Есть другой рассказ — я сейчас не помню начала — но сущность в том, что хотел креститься язычник, пришел к еретику-священнику, который его крестил, а потом этого священника обличили, привели на суд, вызвали крещенного язычника, чтобы узнать, этот ли священник его крестил, потому что в таком случае он не крещен. И язычник посмотрел на священника и говорит: О нет! Меня крестил человек в блистательной, светлой одежде, а этого я помню: два беса его держали в углу церкви, чтобы он не подходил близко. Опять-таки, я сейчас говорю о сознании церковном, я не говорю об историчности данного случая; я не вижу основания, чтобы этого не было, но я не об этом говорю; рассказ говорит о том, как Церковь воспринимала это. И есть вот этот момент: человек, который может умственно сшибаться и быть чист сердцем. Например, когда Христос говорит: Всякая хула, которая скажется на Сына Человеческого, простится; в сущности, хула — это предел, но до этого предела всё непонимание, всё перевирание, все ошибки, которые мы можем делать умственно, — они могут проститься. Не может проститься что-то другое, что относится, ну, к нашему глубинному нутру. И вот поэтому я не думаю, чтобы кто-нибудь был бы просто вне; что, скажем, тайна Божия, познание Божие было непостижимо для человека внешнего, и помню, несколько лет тому назад в Индии, с владыкой Иоанном Вендландом Ярославским я полдня провел в храме, который делили люди нескольких религий, конфессий — не христиан.
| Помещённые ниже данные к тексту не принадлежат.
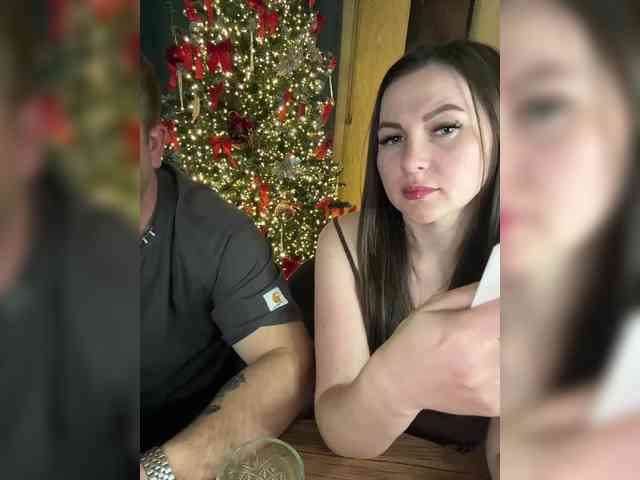 SladenkieVmeste webcam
Началось всё довольно забавно; мы пришли, нам сказали, что надо снять башмаки, мы сняли башмаки, и тут же на нас налетел смотритель храма и говорит: Ой, нет, вы не оставляйте здесь башмаков, они же хорошие! Непременно украдут! — и их запер у себя в комнате, потому что ну, верующий тоже может нуждаться в башмаках. И вот мы провели каких-то пять часов так; и всё время был такой молитвенный дух в этом месте. Люди молились, и было так ясно, что совершенно всё равно, что они молятся «не тому». Скажем, там была статуя слона и статуя обезьяны; молились сначала тут, потом там, приносили в жертву цветок. Но когда мы были с этими людьми, нам было совершенно явственно, что они Богу молятся; пусть они поставили обезьяну или слона, но молятся-то они Богу. Я не хочу сказать, что мы могли общаться в молитве в полном смысле. Но чувствовалось что-то такое глубокое и подлинное, чего мы не могли уловить в целом ряде христианских храмов, опустошенных каких-то. Это, конечно, не ответ на то, что вы говорили, это вокруг да около…
Вопрос об иконе.
В факте иконы, мне кажется, есть разные моменты; то, что делает икону, это, во-первых, письмо, а во-вторых, — освящение иконы. Неосвященная икона, она еще в полном смысле не икона. И очень интересно, что мы ее освящаем кроплением святой воды; но в какой-то момент древности икону миропомазывали, точно также как миропомазывают человека при крещении. Т.е. икона делалась местом Бого-вселения, вернее, местом вселения Божественной благодати. И почернелая ли она, можно ли еще различить черты, или яркая и поучительная взору — всё равно, она — икона иместо вселения. И этим объясняются такие наставления Иоанна Златоуста, который говорит: Если хочешь молиться, стань перед иконой, закрой глаза и молись. Закрой глаза ради сосредоточенности — и спрашивается: зачем же тогда становиться перед иконой, когда я на нее не смотрю? — Потому что в ней присутствует благодать. Потому что есть объективный факт присутствия в ней. И это одно из характерных свойств чудотворных икон: они чудеса творят не тем, что возбуждают в нас те или иные чувства, мысли и побуждают нас к чему-то; они над нами что-то совершают. И вот, за исключением, очевидно, ряда икон большого письма, довольно много икон чудотворных не являются образцами хорошего письма. Обойдите, скажем, московские храмы, где чудотворные иконы. Это не самые лучшие иконы; скажем, не в Третьяковской галерее все иконы чудотворные; «Взыскание погибших» с иконописной точки зрения можно критиковать; «Споручницу грешных» можно критиковать. И множество икон, в которых Бог проявил исключительную благодать, с точки зрения канона, правил и соображений богословско-эстетического типа можно даже отвергнуть. Я помню, что этот вопрос волновал Леонида Успенского — он один из хороших современных иконописцев — он мне говорил: В чем дело? Как мог Бог дать Свою благодать иконе, которую я бы сжег? Я ему тогда сказал: Знаешь, слава Богу, у Бога как будто меньше эстетического вкуса чем у тебя… Понимаете — это не Божий критерий. Почему — я не могу судить. Но, во всяком случае, факт, что икона чудотворная, не доказывает, что она наилучшая икона с точки зрения иконного письма. Так что есть этот момент вселения благодати, который делает из иконы место присутствия в каком-то отношении; разумеется, не в том смысле, в каком хлеб и вино являются Телом и Кровью.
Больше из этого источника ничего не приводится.